**Problem description:**
Set down all of the data exactly. Pictures stay out of the copy.

**Supplied material:**
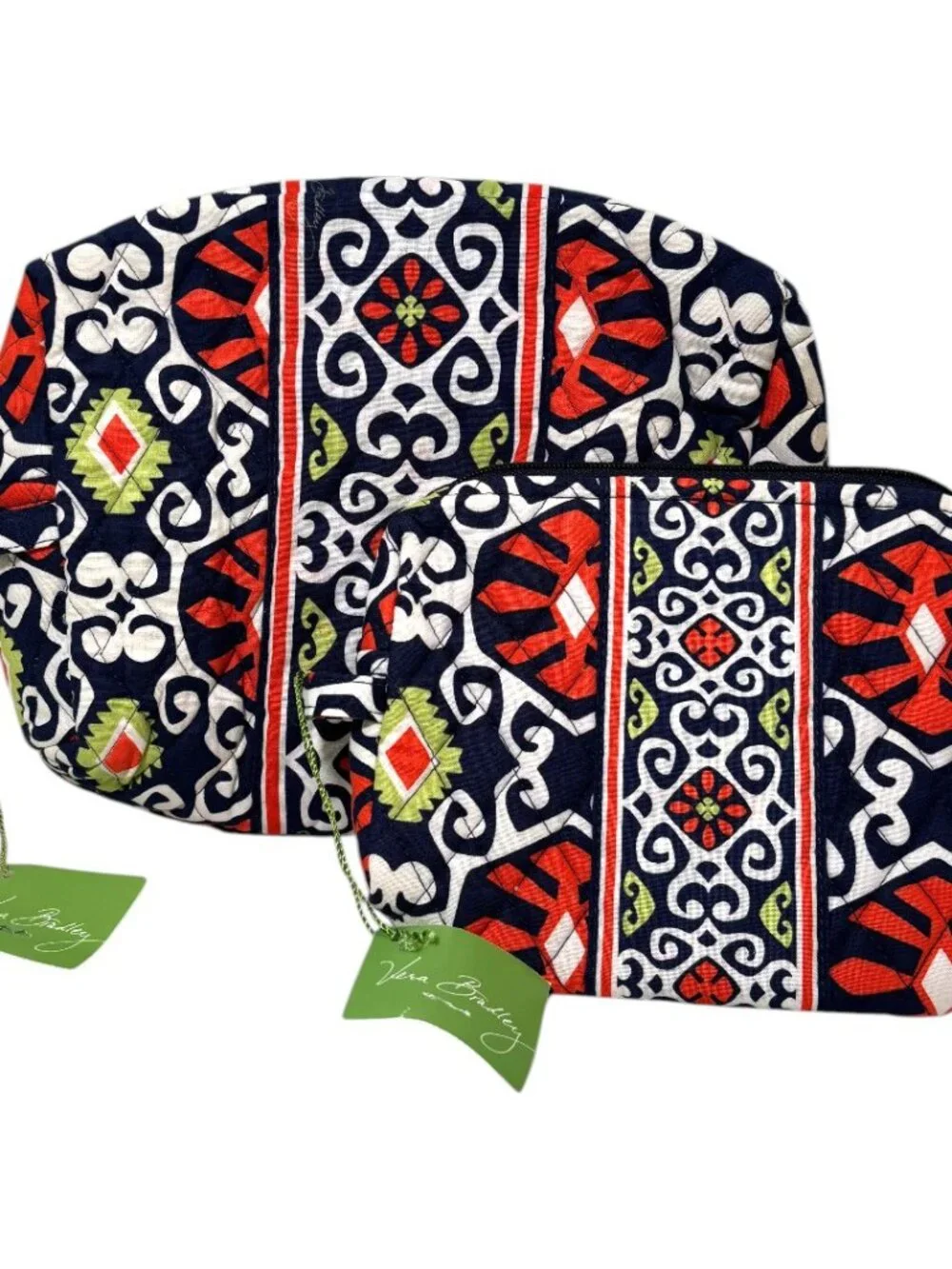 NEW Vera Bradley Sun Valley Cosmetic Bag Large Medium Set Travel Gift Retired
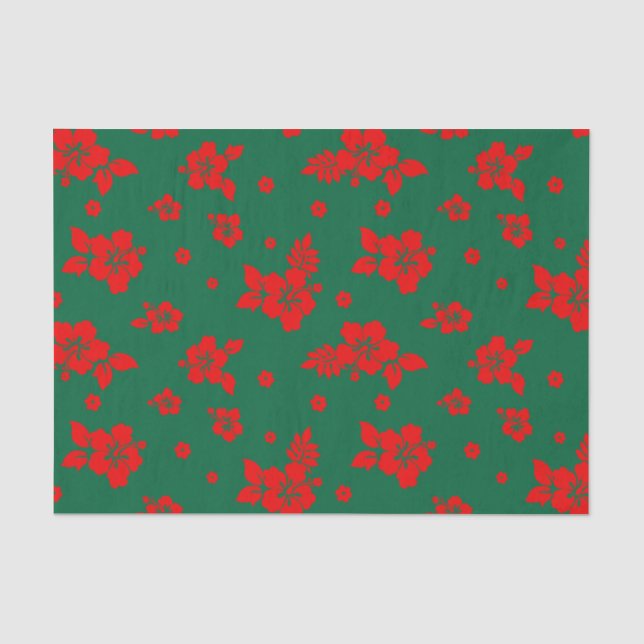 Aloha Hawaii Red über grünes Weihnachtsmuster Seidenpapier (Vorderseite)
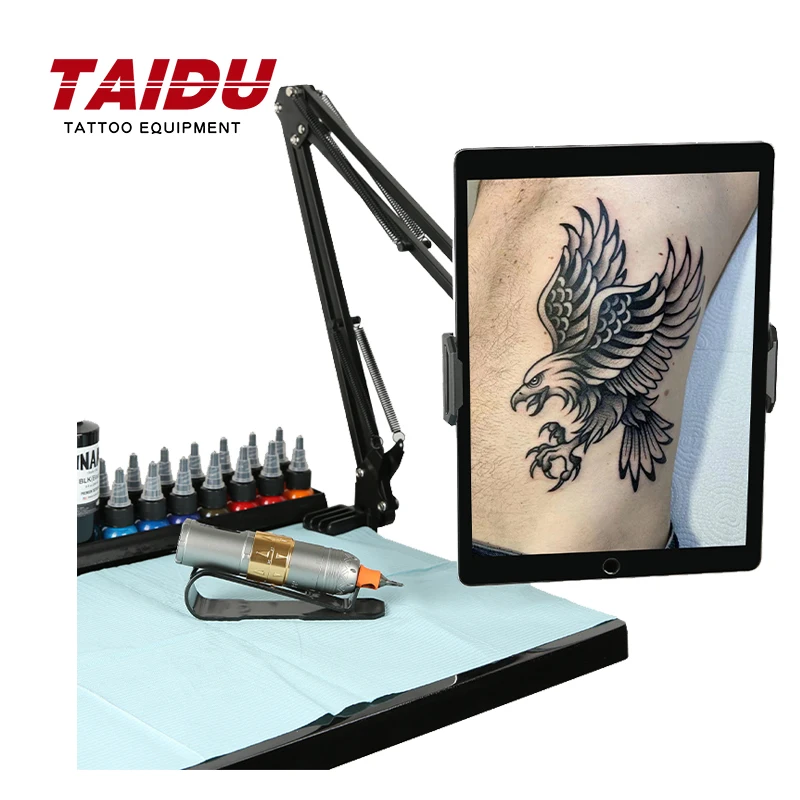 TAIDU Table Mounted Phone Tablet Stand 360°Rotating Iron Tablet Mobile Phone Holder Tattoo Support 5.91-9.06 Inch Tablet Bracket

**Output for this task:**
 NEW Vera Bradley Sun Valley Cosmetic Bag Large Medium Set Travel Gift Retired
 Aloha Hawaii Red über grünes Weihnachtsmuster Seidenpapier (Vorderseite)
 TAIDU Table Mounted Phone Tablet Stand 360°Rotating Iron Tablet Mobile Phone Holder Tattoo Support 5.91-9.06 Inch Tablet Bracket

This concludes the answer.